EDF has suggestions to ensure the deployment of tariffs in the most effective way possible, namely by doing the following:

  • To ensure distributed energy is cost-effective and helps improve air quality in areas hit harder with harmful pollution, the Commission and utilities should develop tariffs that reflect the net benefits (benefits minus costs) achieved through the use of distributed energy resources in a given place. The information necessary to create these tariffs is already being developed in in the Commission’s Locational Net Benefits Analysis working group.
  • The process to build tariffs should include frequent engagement with customer groups and third party distributed energy providers.

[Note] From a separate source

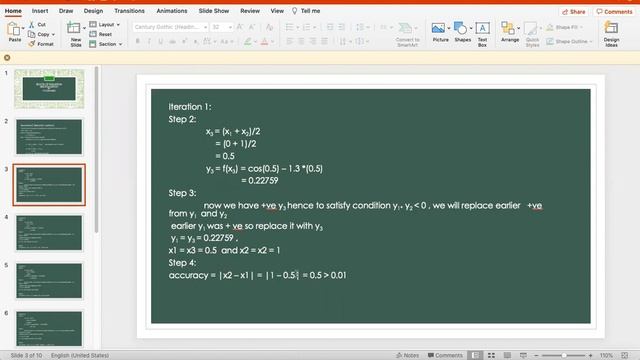 Lecture 2: Bisection method example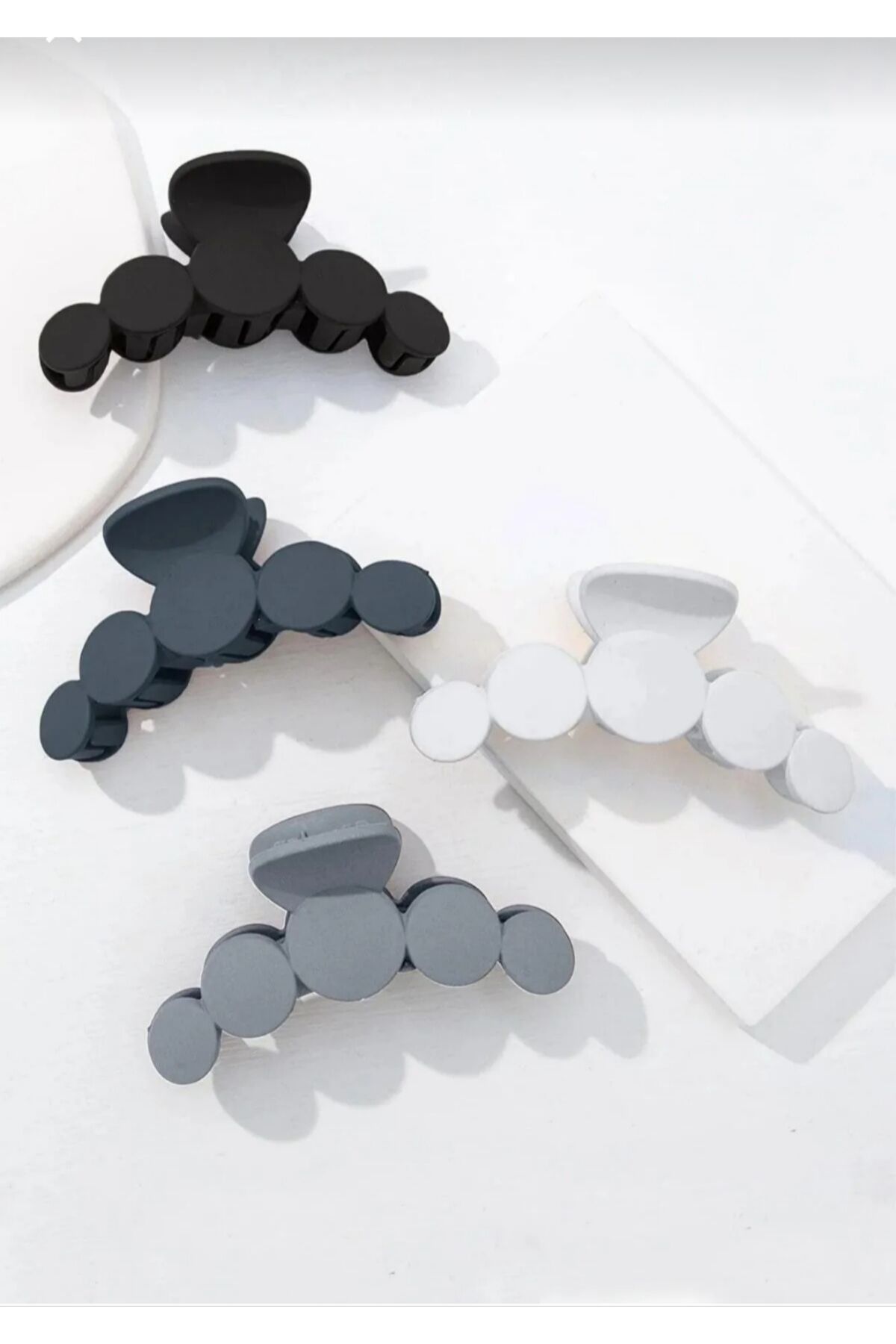 mandal toka Gri Siyah 4 Adet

  • The Commission should adopt a “bottom-up” approach to tariff development, recognizing the costs and benefits of customer-owned resources, such as rooftop solar panels or smart-charging electric vehicles, and reflect the net benefits or costs in tariffs, thereby creating rates that differ by location. These location price differences then spur (or discourage) customer investments. This approach can more effectively reduce costs, manage risks, and create a resiliency management strategy, and makes use of “big data” utilities now have at their fingertips to understand costs, benefits, and how customer actions affect each of them.
  • The Commission should address environmental inequities caused by disparate air pollution impacts, ensure resiliency and reliability through distributed energy resource diversity, and reduce safety risks by deploying distributed energy resource solutions in lieu of overhead wires.

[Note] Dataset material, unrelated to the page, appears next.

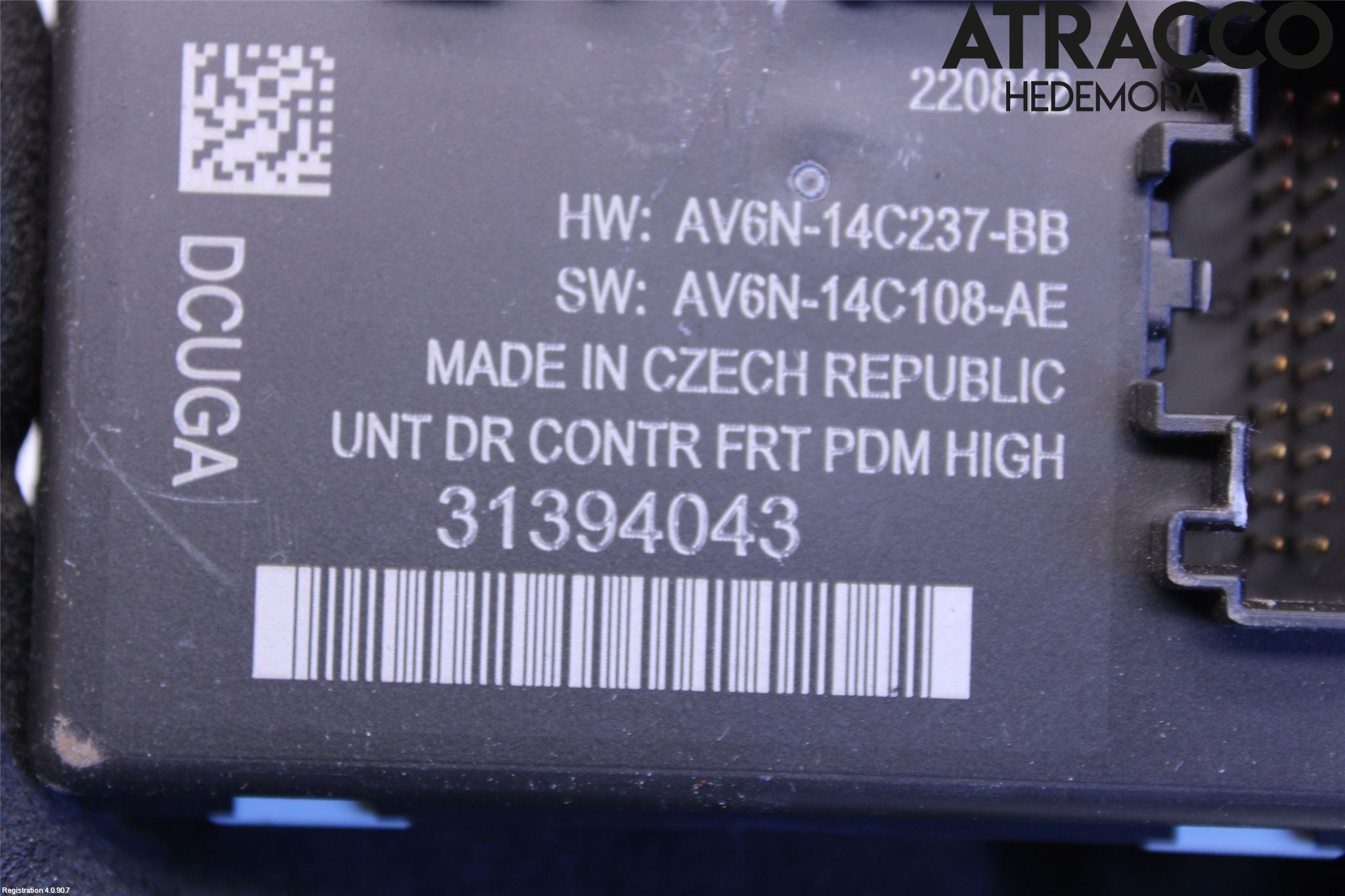 Volvo V60 11-13 Styrenhet Dörr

Finally, in order to be truly successful, location-based tariffs must be combined with an effective utility incentive mechanism. Because utilities profit by building new infrastructure like poles, wires, and power plants, they are not inclined to help build and optimize the use of more distributed energy resources that would displace their traditional ways of paying their shareholders. As EDF has written before, one way to overcome this barrier is transitioning to a system in which utility shareholders receive payments based on achievement of a set of pre-determined metrics, or a “fees for services” business model. This model would reward utilities for connecting customers with third party distributed energy resource providers or optimizing distributed energy resource capabilities.

By combining a new utility business model with location-based tariffs, the utilities and the Commission can build a renewable, flexible, and affordable electric grid to take California into the clean energy future.